Collected data entries
==*==
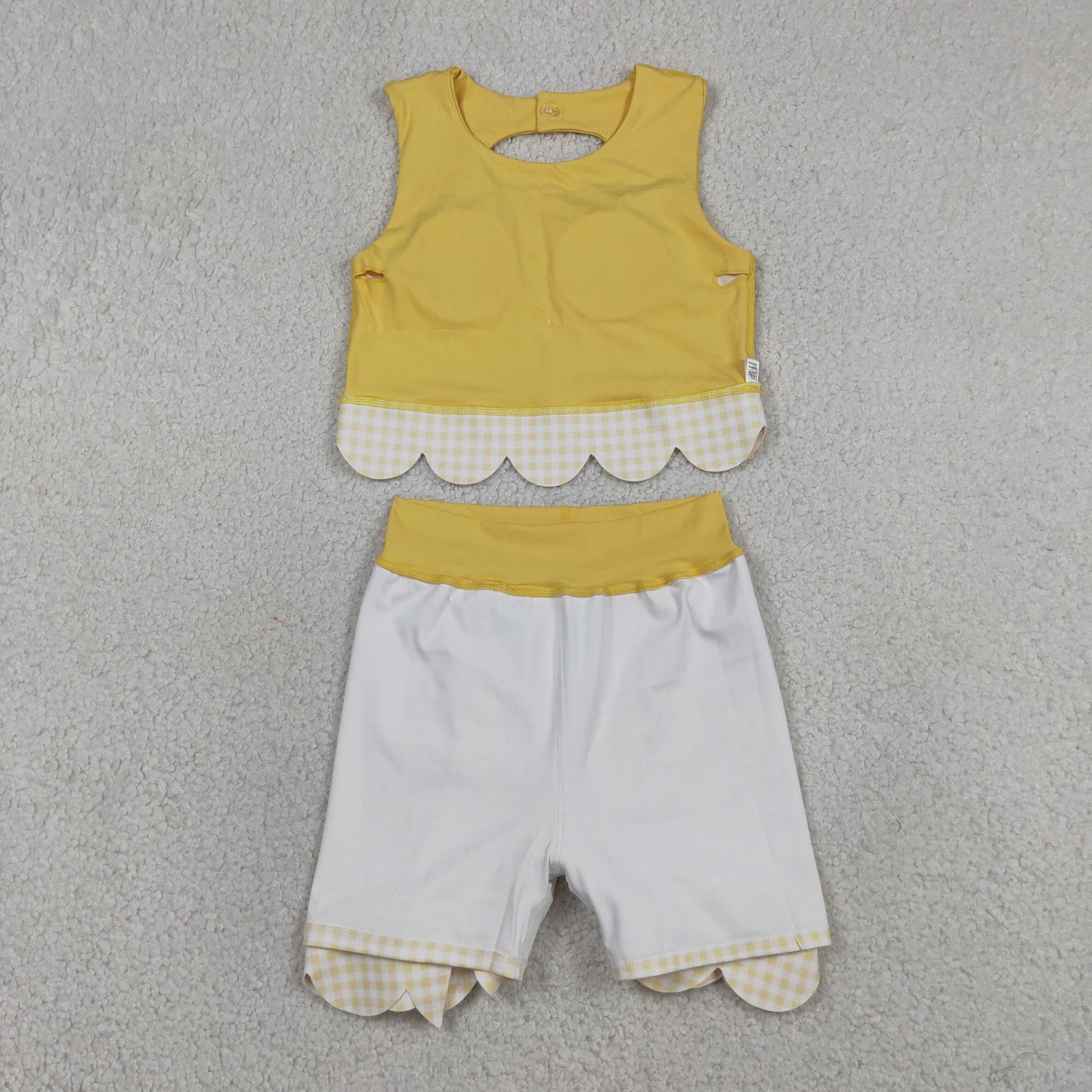 GSD3324 Yoga Solid Color Yellow Sleeveless Bows Skorts Girls Set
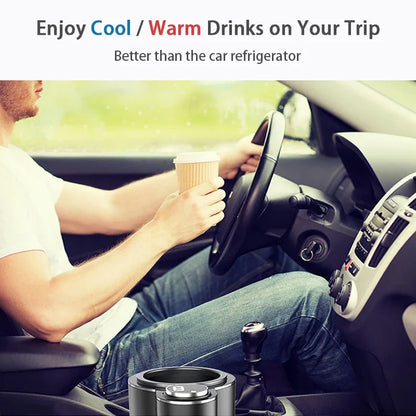 Smart 2-in-1 Car Heating Cooling Cup | Electric Beverage Warmer Cooler Holder | Travel Mini Car Refrigerator for Coffee, Milk, and Drinks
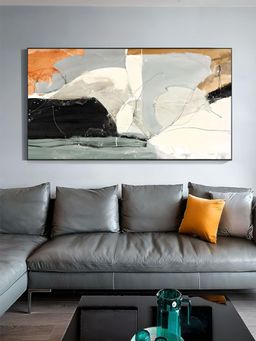 The Handmade Flair - Off White & Black Elements Painting Wall Art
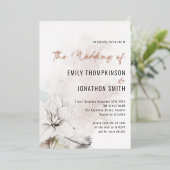 Elegant White Florals Waterverf QR Code Weddenscha Folie Uitnodiging (Staand Voorkant)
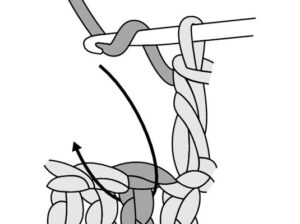 Front Post Double Crochet illustration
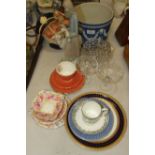 A Royal Doulton character jug 'Old Salt' D6551, a Wedgwood blue and white jasperware jardinière,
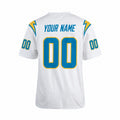 Personalized Los Angeles Chargers Football Jersey – White Game Style, Custom Name Patch, Team Name, Number & Logo-4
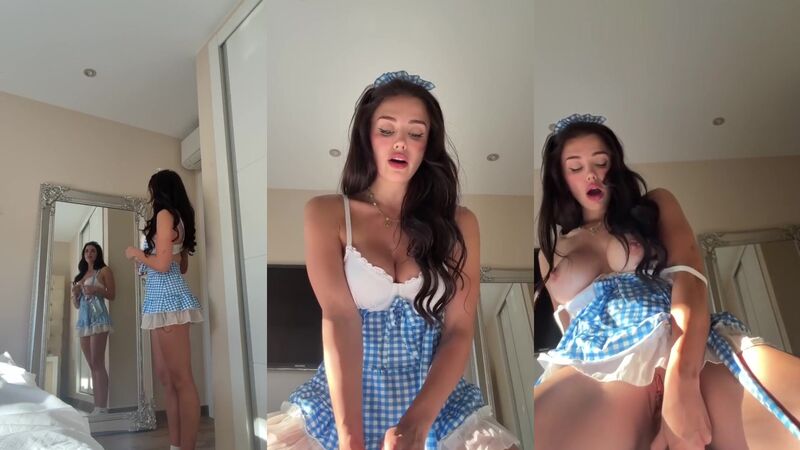 Emily Black Maid Cosplay Masturbates with Dildo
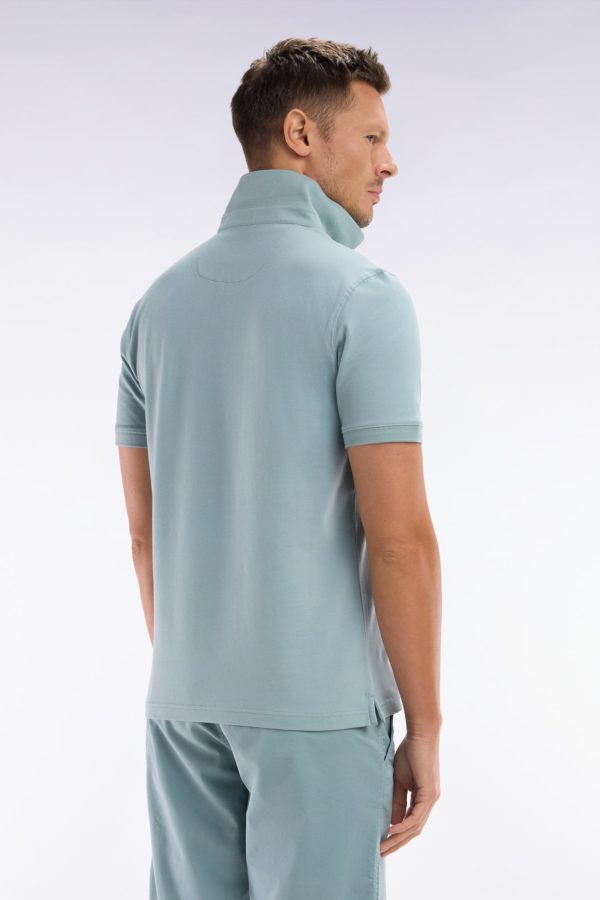 Polo À Manches Courtes En Coton Stretch Gris Moyen Coupe Ajustée Eden Park – Image 3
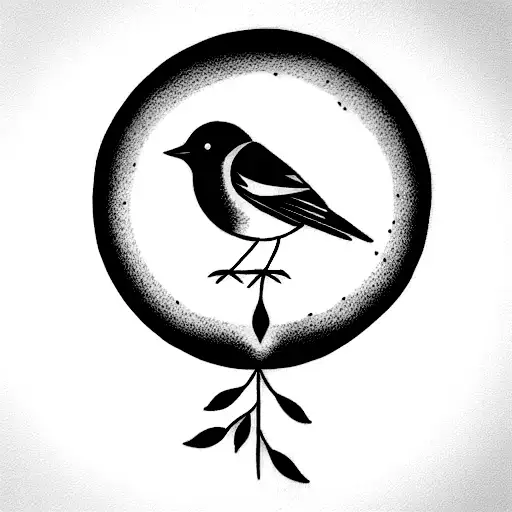 Sunrise Behind A Robin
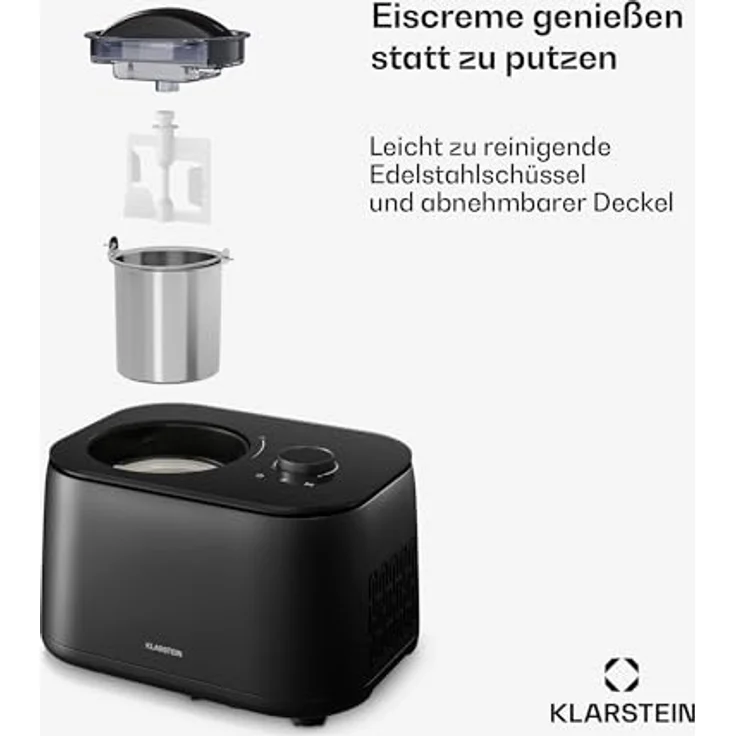 Klarstein FrostFusion Eismaschine mit Kompressor, 1L Edelstahlbehälter, 3 Modi für Eis, Slushie & Joghurt, Selbstkühlend, Touch & Drehregler, LED-Display, Timer – Bild 7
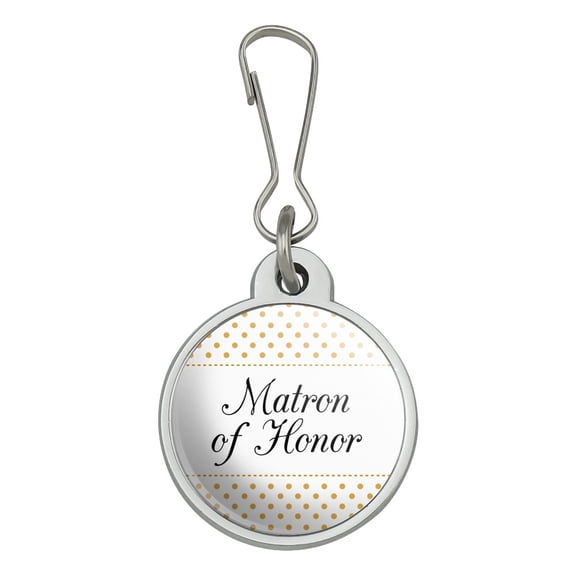 Matron of Honor Wedding Elegant Polka Dots Jacket Handbag Purse Luggage Backpack Zipper Pull Charm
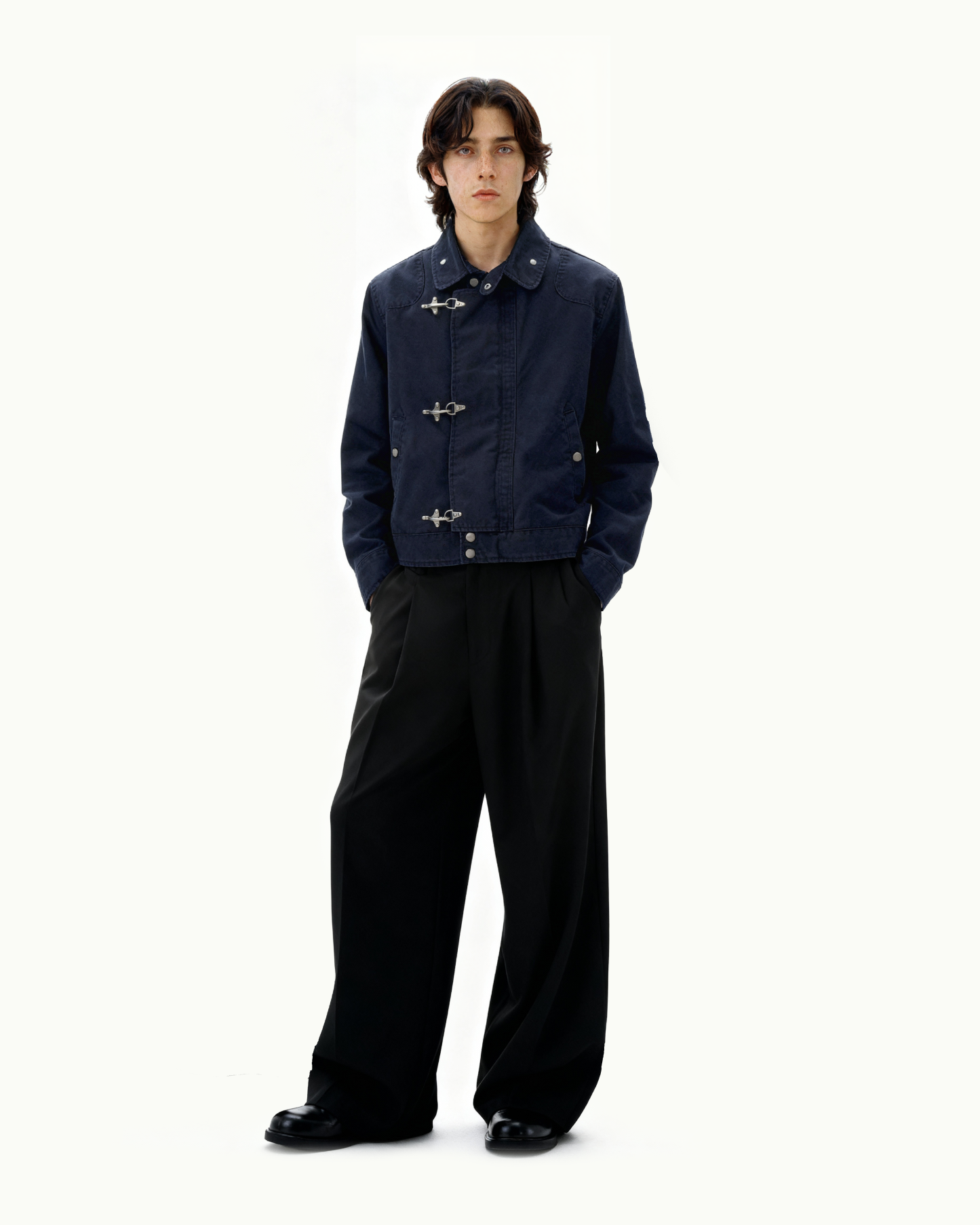 Overlap Fireman Buckle Mid-Crop High Collar Jacket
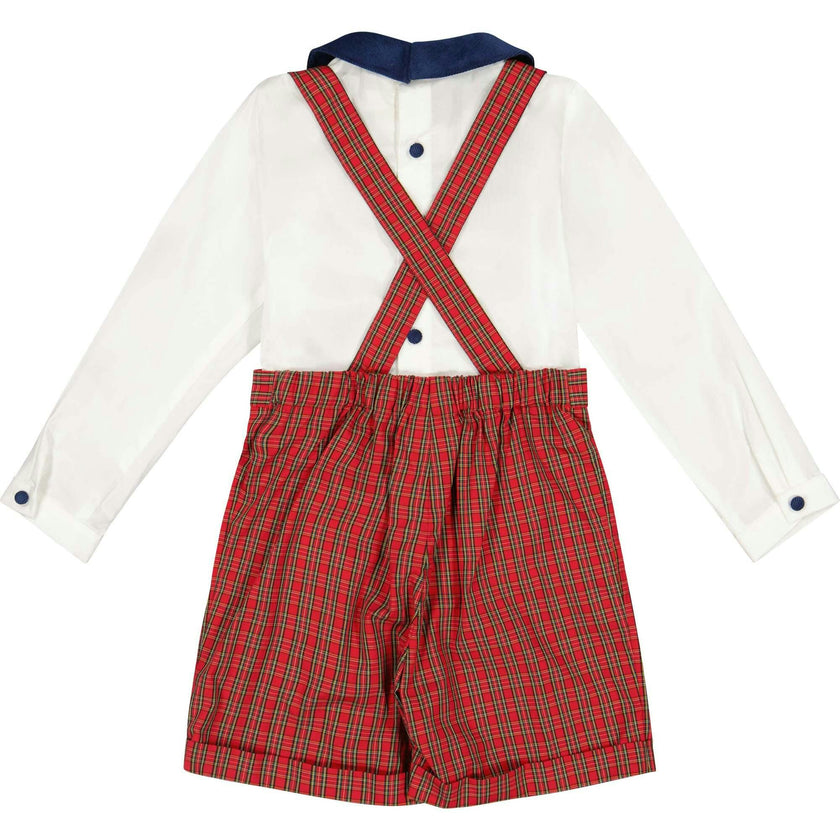 George Navy Tartan Boy Dungaree & Shirt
==*==
Your assignment: Copy the data verbatim, skipping any image it holds.

Answer to this exercise:
 GSD3324 Yoga Solid Color Yellow Sleeveless Bows Skorts Girls Set
 Smart 2-in-1 Car Heating Cooling Cup | Electric Beverage Warmer Cooler Holder | Travel Mini Car Refrigerator for Coffee, Milk, and Drinks
 The Handmade Flair - Off White & Black Elements Painting Wall Art
 Elegant White Florals Waterverf QR Code Weddenscha Folie Uitnodiging (Staand Voorkant)
 Front Post Double Crochet illustration
 A Royal Doulton character jug 'Old Salt' D6551, a Wedgwood blue and white jasperware jardinière,
 Personalized Los Angeles Chargers Football Jersey – White Game Style, Custom Name Patch, Team Name, Number & Logo-4
 Emily Black Maid Cosplay Masturbates with Dildo
 Polo À Manches Courtes En Coton Stretch Gris Moyen Coupe Ajustée Eden Park – Image 3
 Sunrise Behind A Robin
 Klarstein FrostFusion Eismaschine mit Kompressor, 1L Edelstahlbehälter, 3 Modi für Eis, Slushie & Joghurt, Selbstkühlend, Touch & Drehregler, LED-Display, Timer – Bild 7
 Matron of Honor Wedding Elegant Polka Dots Jacket Handbag Purse Luggage Backpack Zipper Pull Charm
 Overlap Fireman Buckle Mid-Crop High Collar Jacket
 George Navy Tartan Boy Dungaree & Shirt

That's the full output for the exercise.